> **Instructions for the task**:
Among the lines below, restate word for word only those from the line with "Annual ryegrass is" through the line with "So anyway, thanks", with both end lines kept.

> **Records for the exercise**:
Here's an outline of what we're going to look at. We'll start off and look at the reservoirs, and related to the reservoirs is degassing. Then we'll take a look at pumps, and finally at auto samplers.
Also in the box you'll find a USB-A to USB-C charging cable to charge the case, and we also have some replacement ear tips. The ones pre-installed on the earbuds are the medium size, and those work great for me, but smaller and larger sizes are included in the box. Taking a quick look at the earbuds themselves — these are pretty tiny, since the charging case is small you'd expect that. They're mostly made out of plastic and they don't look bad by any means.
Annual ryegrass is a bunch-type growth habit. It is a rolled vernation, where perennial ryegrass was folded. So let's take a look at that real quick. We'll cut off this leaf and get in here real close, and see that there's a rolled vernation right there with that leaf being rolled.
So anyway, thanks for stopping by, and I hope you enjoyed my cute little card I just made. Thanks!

* * *

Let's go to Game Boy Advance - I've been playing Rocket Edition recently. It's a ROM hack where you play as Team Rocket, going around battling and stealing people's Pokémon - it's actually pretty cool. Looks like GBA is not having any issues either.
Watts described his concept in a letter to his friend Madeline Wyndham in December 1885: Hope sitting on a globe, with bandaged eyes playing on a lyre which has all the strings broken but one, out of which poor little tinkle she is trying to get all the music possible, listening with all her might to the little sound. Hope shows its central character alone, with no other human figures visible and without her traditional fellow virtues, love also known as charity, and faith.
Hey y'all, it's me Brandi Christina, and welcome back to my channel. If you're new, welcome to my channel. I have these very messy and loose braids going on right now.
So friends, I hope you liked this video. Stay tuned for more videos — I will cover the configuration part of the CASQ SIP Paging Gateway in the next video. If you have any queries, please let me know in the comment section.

> **Output of the exercise**:
Annual ryegrass is a bunch-type growth habit. It is a rolled vernation, where perennial ryegrass was folded. So let's take a look at that real quick. We'll cut off this leaf and get in here real close, and see that there's a rolled vernation right there with that leaf being rolled.
So anyway, thanks for stopping by, and I hope you enjoyed my cute little card I just made. Thanks!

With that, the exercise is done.